JAKARTA, KOMPAS.com — Indonesia terancam diserbu
insinyur impor atau asing pada tahun 2015, bertepatan dengan mulai
diberlakukannya liberalisasi pasar ASEAN. Hal ini disebabkan jumlah
insinyur Indonesia masih sangat kurang dibandingkan negara lain di
kawasan Asia.
"Ini ancaman nyata. Indonesia bakal diserbu insinyur impor atau asing
bila tidak segera melakukan terobosan radikal. Faktanya, kita hanya
punya 164 orang insinyur per 1 juta penduduk. Idealnya, harusnya 400
orang
insinyur per 1 juta penduduk," kata Ketua Umum Persatuan Insinyur
Indonesia (PII) Bobby Gafur Umar kepada pers di Jakarta, Senin
(11/11/2013).
Ditemui di sela Konferensi Federasi Organisasi Insinyur Se-ASEAN
ke-31 (Conference of ASEAN Federation of Engineering Organisations
2013/CAFEO) 11-14 November, ia mengatakan, jika dibandingkan dengan
sejumlah negara tetangga, seperti Malaysia, posisinya sudah 397 insinyur
per 1 juta penduduk dan Korea 800 insinyur per 1 juta penduduk.

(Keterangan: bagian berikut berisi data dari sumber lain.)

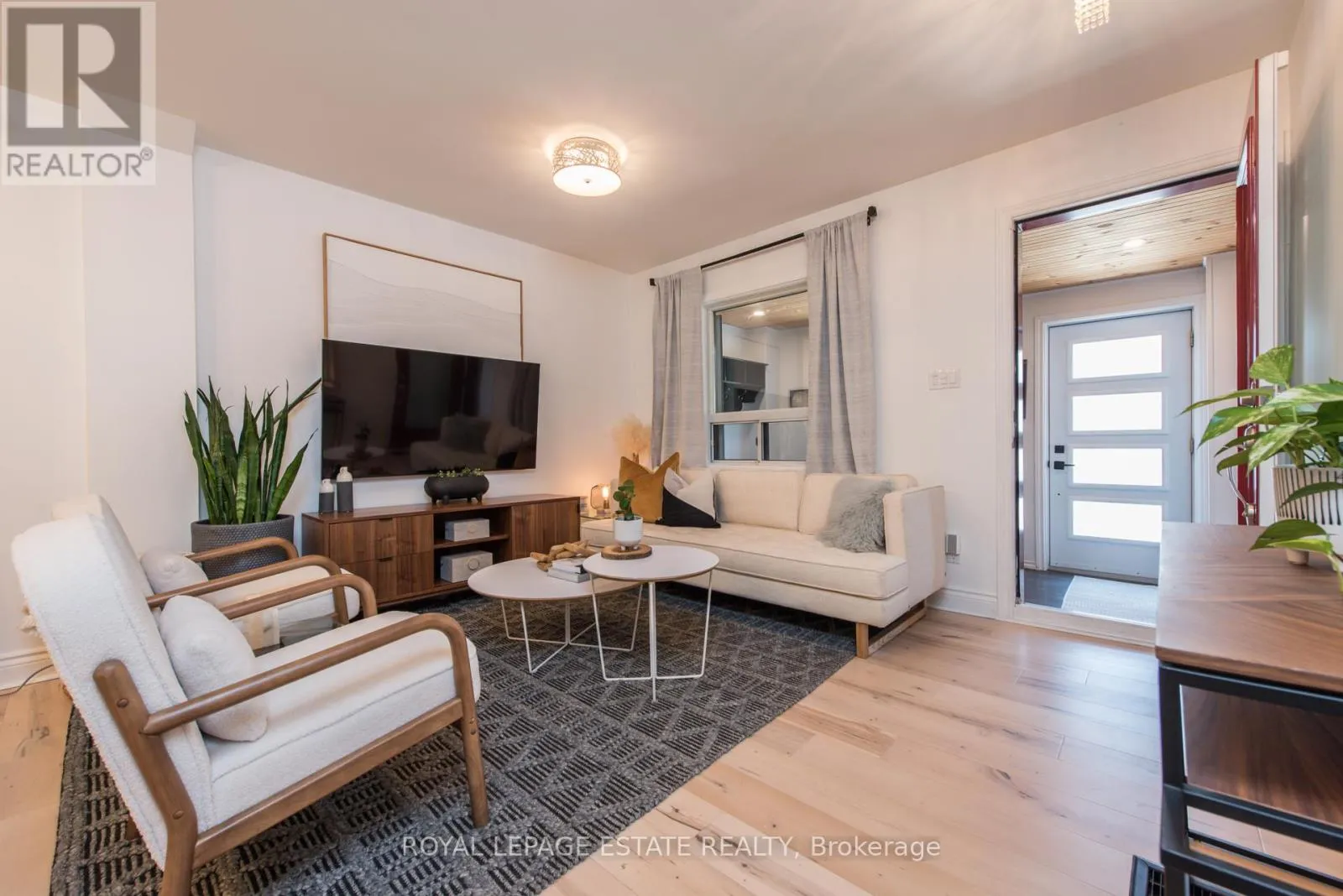 House for rent: 2311 Gerrard Street E, Toronto, Ontario M4E 2E5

"Mirisnya lagi adalah minat para siswa lulusan sekolah lanjutan
atau SMU untuk meneruskan ke pendidikan tinggi sampai menjadi insinyur
kelihatan sekali menurun. Kita hanya punya 11 persen atau 1,05 juta dari
total sarjana yang ada," katanya.
Dia mengatakan, idealnya 20 persen dari seluruh sarjana adalah
insinyur. Ia membandingkan, di Malaysia saja, rasio antara insinyur dan
seluruh sarjana lulusan perguruan tinggi mencapai 50 persen. "Malaysia
sekarang punya 13 juta sarjana teknik dari total 27 juta penduduknya,"
kata Boby.
Ia menjelaskan, berdasarkan sebuah kajian, Indonesia dengan
pertumbuhan ekonomi dan populasi hingga 2015 membutuhkan sedikitnya
tambahan 129.500 insinyur per tahun. Sementara pada 2015 sampai 2030,
Indonesia memerlukan sedikitnya 175.000 insinyur untuk mendorong
industri dan kawasan ekonomi khusus.
Mengutip pernyataan Menko Perekonomian Hatta Rajasa, ia
mengatakan, "Jangan sampai insinyur asing yang masuk dan mengolah sumber
daya alam kita. Tidak boleh terjadi."
Ia juga menyebut,
Indonesia harus sedikitnya menambah 175.000 sarjana teknik per tahun
pada 2025 jika ingin mencapai pendapatan domestik bruto (PDB) per kapita
20.600-25.900 dollar AS.
"Indonesia harus melakukan sejumlah terobosan, mulai dari
pemberian beasiswa besar-besaran untuk menjadi insinyur hingga
pembenahan di sektor regulasinya. Bukankah anggaran pendidikan sudah 20
persen dari APBN?" katanya.
Kemudian, tambahnya, Indonesia juga perlu segera memiliki
undang-undang (UU) tentang insinyur sebab jika tidak, maka para insinyur
Indonesia tidak memiliki standar internasional dan kualifikasi yang
jelas sehingga tidak bisa bersaing secara global.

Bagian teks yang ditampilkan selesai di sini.